Source material:
- - - - - - -
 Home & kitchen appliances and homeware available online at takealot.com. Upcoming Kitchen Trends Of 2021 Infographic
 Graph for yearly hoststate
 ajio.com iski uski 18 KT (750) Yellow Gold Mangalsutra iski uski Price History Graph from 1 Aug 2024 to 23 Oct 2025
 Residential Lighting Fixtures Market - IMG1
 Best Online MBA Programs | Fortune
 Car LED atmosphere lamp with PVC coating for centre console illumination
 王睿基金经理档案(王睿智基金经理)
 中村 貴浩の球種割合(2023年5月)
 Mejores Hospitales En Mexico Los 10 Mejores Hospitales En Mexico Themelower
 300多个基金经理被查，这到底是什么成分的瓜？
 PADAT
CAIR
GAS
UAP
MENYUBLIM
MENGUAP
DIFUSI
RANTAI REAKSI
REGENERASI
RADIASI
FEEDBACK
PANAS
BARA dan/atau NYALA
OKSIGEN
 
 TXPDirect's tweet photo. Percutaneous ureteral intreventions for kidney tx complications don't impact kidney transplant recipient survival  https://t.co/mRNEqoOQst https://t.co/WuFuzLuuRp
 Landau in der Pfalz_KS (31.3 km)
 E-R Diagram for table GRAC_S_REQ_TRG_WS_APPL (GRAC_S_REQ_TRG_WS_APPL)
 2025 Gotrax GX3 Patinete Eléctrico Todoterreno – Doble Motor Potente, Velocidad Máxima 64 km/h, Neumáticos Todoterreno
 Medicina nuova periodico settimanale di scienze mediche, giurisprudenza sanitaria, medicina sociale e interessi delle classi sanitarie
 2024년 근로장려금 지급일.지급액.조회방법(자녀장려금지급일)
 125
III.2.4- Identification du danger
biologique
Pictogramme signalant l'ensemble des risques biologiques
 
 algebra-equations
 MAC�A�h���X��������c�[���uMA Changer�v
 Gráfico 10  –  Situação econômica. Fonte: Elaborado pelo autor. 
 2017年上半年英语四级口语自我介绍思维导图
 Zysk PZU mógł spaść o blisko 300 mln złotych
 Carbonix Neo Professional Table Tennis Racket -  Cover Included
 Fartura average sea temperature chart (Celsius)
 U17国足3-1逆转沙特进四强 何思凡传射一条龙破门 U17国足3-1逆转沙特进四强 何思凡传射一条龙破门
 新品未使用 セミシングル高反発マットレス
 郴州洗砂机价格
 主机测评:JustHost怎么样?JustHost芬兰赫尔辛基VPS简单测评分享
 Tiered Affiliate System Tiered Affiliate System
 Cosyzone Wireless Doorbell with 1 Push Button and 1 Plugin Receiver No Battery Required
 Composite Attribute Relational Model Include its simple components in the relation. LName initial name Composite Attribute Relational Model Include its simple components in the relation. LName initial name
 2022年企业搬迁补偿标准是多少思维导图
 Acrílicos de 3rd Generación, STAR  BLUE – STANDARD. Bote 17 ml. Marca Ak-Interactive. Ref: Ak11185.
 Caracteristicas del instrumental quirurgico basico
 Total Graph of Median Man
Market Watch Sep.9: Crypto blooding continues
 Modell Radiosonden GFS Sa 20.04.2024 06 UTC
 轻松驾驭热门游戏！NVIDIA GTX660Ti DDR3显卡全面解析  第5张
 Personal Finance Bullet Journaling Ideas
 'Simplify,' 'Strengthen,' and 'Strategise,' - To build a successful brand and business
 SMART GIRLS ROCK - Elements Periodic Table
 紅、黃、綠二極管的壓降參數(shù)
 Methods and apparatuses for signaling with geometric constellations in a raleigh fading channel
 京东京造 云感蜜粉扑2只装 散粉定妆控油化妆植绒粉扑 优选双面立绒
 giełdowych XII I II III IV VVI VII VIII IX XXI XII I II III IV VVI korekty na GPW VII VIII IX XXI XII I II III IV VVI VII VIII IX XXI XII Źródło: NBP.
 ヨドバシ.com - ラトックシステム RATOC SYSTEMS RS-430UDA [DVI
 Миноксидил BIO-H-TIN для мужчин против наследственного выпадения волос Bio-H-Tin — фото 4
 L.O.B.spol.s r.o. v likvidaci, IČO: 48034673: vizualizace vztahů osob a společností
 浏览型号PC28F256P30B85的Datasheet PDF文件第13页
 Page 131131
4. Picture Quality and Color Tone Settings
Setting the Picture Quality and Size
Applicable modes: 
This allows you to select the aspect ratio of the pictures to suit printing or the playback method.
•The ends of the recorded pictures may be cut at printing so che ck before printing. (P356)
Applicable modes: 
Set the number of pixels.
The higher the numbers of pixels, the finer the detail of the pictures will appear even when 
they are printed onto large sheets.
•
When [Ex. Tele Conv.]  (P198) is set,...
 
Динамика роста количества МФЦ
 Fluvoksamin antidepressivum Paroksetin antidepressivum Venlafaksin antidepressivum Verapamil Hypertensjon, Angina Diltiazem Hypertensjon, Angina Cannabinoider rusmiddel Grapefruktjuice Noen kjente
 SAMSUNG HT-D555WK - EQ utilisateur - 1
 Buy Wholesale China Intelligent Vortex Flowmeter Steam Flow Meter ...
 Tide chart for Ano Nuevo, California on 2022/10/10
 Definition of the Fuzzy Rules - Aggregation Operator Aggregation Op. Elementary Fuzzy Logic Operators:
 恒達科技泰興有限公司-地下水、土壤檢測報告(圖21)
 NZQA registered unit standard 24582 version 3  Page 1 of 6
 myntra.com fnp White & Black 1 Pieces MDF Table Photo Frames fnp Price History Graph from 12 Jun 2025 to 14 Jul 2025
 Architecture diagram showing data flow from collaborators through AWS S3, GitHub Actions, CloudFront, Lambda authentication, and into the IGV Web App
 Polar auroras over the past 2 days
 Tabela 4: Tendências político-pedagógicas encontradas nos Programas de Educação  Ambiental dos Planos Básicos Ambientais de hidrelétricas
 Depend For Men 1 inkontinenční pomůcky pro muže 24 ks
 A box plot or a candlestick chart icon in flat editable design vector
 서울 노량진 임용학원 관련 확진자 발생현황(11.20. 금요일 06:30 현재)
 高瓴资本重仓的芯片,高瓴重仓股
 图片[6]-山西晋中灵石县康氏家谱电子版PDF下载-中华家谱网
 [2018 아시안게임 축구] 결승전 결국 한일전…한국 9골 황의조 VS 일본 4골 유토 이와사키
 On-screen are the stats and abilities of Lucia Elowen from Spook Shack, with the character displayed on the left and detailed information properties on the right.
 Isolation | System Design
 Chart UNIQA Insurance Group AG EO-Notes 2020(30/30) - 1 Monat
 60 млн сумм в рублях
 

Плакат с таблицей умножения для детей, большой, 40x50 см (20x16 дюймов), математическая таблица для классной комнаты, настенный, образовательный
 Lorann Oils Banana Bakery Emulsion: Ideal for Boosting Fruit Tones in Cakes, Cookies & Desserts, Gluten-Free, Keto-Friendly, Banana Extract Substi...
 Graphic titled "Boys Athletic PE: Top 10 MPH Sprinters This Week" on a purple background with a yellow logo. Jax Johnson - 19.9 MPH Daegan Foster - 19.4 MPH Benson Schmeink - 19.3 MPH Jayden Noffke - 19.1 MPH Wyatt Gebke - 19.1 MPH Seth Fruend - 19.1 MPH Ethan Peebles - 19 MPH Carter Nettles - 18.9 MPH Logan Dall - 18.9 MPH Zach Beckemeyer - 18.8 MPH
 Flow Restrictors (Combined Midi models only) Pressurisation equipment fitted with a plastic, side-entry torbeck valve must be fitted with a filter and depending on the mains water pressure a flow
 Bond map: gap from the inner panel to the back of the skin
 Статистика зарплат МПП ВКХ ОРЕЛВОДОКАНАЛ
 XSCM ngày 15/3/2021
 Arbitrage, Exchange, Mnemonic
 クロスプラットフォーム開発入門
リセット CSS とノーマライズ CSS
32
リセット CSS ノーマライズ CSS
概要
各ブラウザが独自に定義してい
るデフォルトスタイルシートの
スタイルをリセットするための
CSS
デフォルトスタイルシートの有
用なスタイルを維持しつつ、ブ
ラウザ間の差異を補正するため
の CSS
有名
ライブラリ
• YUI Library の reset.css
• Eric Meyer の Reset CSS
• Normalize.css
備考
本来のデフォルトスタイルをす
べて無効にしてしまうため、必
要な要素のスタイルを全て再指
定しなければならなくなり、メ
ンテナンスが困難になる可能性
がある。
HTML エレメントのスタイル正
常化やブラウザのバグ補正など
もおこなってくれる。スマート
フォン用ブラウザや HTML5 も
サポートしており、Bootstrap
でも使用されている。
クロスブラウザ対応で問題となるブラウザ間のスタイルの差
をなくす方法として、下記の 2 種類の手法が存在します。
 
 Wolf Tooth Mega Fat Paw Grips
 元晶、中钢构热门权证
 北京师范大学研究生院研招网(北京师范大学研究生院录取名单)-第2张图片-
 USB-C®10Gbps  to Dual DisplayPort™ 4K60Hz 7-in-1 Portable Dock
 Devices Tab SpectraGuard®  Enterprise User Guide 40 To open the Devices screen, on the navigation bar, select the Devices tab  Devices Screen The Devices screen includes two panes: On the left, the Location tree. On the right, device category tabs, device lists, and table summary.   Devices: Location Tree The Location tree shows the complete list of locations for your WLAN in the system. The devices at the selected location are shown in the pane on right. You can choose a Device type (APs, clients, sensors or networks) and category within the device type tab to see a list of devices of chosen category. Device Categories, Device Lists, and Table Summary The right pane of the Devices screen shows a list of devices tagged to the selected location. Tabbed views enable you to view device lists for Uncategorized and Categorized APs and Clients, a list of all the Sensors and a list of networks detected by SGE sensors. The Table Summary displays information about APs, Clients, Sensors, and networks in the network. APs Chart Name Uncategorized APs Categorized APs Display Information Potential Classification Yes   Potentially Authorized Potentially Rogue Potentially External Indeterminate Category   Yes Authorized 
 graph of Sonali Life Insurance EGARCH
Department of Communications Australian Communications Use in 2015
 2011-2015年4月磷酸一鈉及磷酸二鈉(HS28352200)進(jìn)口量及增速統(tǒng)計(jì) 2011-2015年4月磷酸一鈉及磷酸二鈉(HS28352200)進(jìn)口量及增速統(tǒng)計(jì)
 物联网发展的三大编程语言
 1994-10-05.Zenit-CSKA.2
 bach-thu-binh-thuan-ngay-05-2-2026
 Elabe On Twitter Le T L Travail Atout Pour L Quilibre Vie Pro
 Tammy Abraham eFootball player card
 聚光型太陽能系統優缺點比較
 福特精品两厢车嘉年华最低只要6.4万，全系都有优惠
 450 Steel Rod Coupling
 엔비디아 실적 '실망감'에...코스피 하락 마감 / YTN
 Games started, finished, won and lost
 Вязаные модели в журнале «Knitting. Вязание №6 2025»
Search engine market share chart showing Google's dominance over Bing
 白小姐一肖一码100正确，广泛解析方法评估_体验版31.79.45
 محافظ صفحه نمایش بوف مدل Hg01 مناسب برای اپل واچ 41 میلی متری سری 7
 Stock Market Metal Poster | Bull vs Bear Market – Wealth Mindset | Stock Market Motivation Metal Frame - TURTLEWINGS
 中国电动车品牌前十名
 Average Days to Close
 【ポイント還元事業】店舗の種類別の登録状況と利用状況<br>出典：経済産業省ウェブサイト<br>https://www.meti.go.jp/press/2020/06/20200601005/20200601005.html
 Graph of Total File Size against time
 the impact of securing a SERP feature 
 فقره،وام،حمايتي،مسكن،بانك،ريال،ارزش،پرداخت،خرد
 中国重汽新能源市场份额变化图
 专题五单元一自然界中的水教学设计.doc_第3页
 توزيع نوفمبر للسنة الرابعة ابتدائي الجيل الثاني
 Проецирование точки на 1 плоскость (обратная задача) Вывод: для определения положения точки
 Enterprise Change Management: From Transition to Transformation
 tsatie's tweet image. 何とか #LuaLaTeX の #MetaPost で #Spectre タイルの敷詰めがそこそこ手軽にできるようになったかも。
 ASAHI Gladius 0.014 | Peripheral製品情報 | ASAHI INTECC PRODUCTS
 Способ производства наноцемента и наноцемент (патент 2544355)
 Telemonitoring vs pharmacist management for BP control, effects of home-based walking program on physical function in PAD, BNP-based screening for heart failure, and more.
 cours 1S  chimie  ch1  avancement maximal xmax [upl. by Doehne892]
- - - - - - -
Task to complete: Select the lines from the entries that include the word "Size".

Answer space:
Setting the Picture Quality and Size
 Graph of Total File Size against time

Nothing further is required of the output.